Diese vielen Gespräche, seine Gedanken und Beobachtungen ergeben in ihrer Summe ein facettenreiches Bild der bereisten Länder. Besonders gut gefällt mir die gute Beobachtungsgabe des Autors, wie er ohne Scheu auf die Menschen zugeht und dass er seine Gesprächspartner häufig ein wenig unterstützt: ein paar Pesos, ein paar Schuhe, ein Essen. Nicht immer gefallen mir seine Schlussfolgerungen oder auch seine Handlungen (muss er der im 7. Monat schwangeren minderjährigen Prostituierten unbedingt Zigarillos schenken?). Manches ging mir im Laufe der Zeit auch auf die Nerven, wie seine immer wieder wiederholte ablehnende Haltung der Religion gegenüber, wann immer er mit einem gläubigen Menschen spricht (also ständig) oder seinen Hass auf das Fernsehen und dessen Auswirkungen auf die Intelligenz der Leute.

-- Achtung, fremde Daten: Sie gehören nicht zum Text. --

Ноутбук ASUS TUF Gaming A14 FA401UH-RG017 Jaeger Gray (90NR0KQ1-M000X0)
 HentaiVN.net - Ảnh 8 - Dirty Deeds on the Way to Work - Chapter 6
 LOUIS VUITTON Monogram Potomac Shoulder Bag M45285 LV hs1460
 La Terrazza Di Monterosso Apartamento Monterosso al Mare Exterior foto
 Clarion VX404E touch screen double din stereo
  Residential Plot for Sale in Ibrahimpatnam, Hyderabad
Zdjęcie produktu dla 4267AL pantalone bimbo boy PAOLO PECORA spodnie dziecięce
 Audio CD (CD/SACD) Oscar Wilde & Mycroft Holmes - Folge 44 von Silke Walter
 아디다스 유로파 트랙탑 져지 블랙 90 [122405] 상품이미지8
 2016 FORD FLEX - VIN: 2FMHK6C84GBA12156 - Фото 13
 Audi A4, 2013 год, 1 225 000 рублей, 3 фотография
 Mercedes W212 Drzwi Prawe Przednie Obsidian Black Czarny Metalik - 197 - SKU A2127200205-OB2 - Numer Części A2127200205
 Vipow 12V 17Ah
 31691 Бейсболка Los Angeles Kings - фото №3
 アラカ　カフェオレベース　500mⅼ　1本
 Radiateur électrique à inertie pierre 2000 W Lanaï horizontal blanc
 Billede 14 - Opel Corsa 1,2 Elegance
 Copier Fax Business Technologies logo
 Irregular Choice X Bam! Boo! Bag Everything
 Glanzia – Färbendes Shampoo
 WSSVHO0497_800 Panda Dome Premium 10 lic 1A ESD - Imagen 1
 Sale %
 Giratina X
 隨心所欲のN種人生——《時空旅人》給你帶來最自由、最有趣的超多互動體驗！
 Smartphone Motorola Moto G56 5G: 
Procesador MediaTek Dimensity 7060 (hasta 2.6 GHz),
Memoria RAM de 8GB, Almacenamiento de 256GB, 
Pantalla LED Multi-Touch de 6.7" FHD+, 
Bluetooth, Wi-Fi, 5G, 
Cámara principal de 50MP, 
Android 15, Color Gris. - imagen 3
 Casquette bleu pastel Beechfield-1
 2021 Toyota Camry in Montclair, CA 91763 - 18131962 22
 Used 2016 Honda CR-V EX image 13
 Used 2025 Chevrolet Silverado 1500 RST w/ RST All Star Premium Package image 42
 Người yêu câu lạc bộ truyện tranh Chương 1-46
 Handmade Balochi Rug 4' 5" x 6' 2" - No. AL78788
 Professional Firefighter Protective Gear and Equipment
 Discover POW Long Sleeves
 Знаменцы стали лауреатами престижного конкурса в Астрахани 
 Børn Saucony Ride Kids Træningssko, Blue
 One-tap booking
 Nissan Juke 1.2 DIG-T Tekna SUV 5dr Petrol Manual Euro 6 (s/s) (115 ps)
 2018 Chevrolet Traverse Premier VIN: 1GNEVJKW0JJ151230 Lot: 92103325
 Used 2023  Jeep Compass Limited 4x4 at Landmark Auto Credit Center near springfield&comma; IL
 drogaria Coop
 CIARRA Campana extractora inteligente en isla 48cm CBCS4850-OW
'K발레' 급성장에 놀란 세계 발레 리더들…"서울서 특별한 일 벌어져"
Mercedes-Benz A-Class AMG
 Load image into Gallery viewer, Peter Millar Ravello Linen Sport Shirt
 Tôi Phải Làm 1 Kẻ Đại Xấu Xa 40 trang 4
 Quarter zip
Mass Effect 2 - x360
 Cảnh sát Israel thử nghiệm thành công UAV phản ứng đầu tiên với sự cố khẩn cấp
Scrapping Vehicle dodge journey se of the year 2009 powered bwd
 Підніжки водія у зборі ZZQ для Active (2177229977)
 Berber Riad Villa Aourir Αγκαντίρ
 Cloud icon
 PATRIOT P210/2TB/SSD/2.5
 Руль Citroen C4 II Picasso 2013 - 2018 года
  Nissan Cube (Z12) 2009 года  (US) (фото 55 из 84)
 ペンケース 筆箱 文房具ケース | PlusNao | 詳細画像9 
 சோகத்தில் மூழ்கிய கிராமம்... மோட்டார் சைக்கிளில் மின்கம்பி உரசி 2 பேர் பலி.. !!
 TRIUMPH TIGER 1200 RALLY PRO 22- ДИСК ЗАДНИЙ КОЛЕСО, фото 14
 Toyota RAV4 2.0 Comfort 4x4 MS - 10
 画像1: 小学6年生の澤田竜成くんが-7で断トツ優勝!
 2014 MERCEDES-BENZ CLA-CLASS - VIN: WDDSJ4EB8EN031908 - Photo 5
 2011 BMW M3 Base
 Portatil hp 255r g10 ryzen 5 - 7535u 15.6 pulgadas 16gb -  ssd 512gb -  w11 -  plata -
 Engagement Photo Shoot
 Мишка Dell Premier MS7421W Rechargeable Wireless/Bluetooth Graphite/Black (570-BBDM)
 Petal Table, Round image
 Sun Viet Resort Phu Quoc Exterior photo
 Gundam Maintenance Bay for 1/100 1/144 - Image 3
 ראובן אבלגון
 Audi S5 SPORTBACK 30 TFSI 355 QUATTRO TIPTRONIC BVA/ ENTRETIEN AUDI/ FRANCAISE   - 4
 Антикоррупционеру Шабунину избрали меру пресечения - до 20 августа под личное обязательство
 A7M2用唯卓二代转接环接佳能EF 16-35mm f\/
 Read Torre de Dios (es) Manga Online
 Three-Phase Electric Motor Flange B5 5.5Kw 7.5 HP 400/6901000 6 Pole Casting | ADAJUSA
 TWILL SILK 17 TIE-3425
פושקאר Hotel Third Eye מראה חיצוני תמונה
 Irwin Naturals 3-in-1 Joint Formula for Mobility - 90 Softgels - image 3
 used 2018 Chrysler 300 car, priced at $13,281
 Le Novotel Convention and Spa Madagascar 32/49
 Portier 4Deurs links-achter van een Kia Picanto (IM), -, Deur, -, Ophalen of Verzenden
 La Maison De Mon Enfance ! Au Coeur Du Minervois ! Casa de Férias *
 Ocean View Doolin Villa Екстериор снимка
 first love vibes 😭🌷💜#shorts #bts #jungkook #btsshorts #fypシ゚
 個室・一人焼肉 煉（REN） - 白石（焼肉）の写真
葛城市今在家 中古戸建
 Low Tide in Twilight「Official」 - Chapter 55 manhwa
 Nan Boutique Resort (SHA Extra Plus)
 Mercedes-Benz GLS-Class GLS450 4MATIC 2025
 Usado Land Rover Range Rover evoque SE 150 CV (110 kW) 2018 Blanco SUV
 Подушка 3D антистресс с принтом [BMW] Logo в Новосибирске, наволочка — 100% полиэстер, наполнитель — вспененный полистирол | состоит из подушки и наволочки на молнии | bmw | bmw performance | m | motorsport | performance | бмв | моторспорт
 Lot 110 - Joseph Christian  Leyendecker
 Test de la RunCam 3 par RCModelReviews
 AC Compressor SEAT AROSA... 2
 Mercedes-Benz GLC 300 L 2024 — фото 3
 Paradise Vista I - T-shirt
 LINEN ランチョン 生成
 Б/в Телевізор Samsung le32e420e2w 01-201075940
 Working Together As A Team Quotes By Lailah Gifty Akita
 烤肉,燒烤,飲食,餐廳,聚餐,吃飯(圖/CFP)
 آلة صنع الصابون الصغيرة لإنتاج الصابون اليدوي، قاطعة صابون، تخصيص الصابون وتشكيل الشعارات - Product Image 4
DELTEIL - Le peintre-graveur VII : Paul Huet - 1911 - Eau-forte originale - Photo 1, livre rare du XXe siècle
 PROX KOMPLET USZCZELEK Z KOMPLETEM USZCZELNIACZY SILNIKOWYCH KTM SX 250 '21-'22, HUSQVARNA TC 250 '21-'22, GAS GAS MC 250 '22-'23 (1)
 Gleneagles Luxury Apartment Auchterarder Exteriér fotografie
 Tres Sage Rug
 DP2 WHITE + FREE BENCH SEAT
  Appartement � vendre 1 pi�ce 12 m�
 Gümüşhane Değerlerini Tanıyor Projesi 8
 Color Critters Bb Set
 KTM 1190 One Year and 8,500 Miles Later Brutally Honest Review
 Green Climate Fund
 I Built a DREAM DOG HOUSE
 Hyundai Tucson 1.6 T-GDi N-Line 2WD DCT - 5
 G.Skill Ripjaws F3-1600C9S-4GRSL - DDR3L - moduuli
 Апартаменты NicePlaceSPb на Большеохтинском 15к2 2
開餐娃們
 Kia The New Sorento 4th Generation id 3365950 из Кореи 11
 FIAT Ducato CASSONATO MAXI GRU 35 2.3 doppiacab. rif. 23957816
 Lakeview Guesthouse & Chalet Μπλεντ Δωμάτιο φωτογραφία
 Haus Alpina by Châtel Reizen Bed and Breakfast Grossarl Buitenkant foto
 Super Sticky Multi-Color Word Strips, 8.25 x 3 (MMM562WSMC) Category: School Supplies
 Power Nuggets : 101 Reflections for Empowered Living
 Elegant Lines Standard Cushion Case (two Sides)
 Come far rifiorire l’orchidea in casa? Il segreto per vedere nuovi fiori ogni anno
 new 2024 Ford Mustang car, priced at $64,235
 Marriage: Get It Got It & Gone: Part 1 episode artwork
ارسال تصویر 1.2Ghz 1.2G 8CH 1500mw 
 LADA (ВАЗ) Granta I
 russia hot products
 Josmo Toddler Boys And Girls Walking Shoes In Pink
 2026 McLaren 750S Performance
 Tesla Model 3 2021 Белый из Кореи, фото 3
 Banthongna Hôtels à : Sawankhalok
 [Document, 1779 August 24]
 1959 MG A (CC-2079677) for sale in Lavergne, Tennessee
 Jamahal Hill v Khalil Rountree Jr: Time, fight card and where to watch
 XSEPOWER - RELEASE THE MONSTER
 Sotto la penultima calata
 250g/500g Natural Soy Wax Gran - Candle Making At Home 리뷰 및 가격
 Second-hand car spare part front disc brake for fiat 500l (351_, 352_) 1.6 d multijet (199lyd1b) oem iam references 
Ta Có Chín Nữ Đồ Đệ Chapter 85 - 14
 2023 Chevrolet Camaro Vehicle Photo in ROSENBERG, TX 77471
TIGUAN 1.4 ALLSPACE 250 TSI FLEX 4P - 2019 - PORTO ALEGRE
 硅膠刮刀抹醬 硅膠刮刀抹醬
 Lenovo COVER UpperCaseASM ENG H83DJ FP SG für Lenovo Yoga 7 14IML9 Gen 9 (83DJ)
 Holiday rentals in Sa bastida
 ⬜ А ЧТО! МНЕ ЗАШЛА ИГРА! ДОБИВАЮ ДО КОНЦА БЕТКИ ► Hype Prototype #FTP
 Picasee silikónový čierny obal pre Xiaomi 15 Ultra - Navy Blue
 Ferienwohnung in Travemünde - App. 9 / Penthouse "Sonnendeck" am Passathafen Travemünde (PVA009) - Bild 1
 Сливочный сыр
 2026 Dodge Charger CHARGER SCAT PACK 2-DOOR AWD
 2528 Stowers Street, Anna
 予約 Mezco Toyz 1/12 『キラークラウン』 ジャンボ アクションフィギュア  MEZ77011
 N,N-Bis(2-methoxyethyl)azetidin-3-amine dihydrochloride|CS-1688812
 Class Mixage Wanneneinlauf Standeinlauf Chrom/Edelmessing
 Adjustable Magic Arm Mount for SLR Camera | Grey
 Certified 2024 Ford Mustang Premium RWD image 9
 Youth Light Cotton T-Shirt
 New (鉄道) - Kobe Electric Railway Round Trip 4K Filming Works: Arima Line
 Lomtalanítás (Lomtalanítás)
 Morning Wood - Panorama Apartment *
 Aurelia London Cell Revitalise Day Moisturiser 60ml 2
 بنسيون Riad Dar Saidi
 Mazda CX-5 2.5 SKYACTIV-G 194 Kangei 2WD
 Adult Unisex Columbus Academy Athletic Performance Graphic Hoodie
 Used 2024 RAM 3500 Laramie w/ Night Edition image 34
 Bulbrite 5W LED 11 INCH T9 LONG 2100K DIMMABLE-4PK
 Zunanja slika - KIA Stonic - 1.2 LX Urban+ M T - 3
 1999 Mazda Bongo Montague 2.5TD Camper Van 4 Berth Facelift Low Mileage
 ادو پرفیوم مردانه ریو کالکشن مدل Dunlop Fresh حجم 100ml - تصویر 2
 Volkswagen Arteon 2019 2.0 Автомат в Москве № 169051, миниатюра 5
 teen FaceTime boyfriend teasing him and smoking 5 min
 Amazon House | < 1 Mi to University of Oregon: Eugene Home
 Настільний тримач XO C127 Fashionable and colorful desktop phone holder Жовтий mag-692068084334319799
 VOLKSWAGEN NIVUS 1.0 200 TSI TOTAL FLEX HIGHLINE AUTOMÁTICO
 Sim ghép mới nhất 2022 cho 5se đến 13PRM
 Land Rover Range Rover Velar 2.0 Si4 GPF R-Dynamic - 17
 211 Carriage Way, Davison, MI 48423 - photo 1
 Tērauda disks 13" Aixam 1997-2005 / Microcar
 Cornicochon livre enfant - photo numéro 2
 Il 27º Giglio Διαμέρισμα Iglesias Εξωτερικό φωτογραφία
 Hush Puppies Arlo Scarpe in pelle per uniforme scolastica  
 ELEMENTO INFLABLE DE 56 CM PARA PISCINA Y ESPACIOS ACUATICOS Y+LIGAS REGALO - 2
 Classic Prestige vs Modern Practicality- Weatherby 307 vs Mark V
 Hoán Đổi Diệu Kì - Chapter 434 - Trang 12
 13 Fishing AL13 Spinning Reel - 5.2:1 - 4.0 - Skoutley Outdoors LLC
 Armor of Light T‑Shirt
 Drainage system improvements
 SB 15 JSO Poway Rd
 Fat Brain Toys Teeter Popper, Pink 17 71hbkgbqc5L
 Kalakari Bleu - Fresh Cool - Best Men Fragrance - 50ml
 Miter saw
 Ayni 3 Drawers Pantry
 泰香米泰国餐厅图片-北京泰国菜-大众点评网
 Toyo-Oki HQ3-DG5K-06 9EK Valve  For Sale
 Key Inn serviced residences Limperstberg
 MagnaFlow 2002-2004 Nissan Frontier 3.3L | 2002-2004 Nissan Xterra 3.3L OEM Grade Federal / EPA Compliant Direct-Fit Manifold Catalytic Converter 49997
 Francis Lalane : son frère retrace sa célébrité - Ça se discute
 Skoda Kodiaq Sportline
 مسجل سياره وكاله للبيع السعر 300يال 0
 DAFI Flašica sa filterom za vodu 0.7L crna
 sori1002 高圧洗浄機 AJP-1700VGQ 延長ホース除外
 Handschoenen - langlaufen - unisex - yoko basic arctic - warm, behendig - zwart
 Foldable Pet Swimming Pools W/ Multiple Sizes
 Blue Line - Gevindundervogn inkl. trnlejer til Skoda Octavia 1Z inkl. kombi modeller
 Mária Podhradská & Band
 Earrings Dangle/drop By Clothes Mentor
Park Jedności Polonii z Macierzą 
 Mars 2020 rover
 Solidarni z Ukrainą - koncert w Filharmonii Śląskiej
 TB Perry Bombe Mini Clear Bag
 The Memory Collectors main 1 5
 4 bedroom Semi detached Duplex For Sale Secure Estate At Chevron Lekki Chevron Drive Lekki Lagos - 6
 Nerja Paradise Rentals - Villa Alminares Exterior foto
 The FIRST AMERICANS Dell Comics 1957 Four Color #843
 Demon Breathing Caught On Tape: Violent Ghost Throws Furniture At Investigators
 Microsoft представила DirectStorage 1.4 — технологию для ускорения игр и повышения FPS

Manchmal fand ich ihn wenig tolerant anderen gegenüber, er präsentiert seine Meinung eben unzensiert. Aber auch, wenn gewisse Passagen polarisieren, finde ich sehr lesenswert, was er schreibt und wie er es schreibt.
Wer mehr über die bereisten Länder erfahren möchte, und zwar die Sicht der einfachen Menschen auf ihr Leben, ihr Land, die Politik usw., dem sei die Lektüre unbedingt empfohlen.
Andreas Altmann: Reise durch einen einsamen Kontinent. Unterwegs in Kolumbien, Ecuador, Peru, Bolivien und Chile. rororo 8, 2014. 272 Seiten, Euro 8,99, ISBN 978-3-499-24821-4.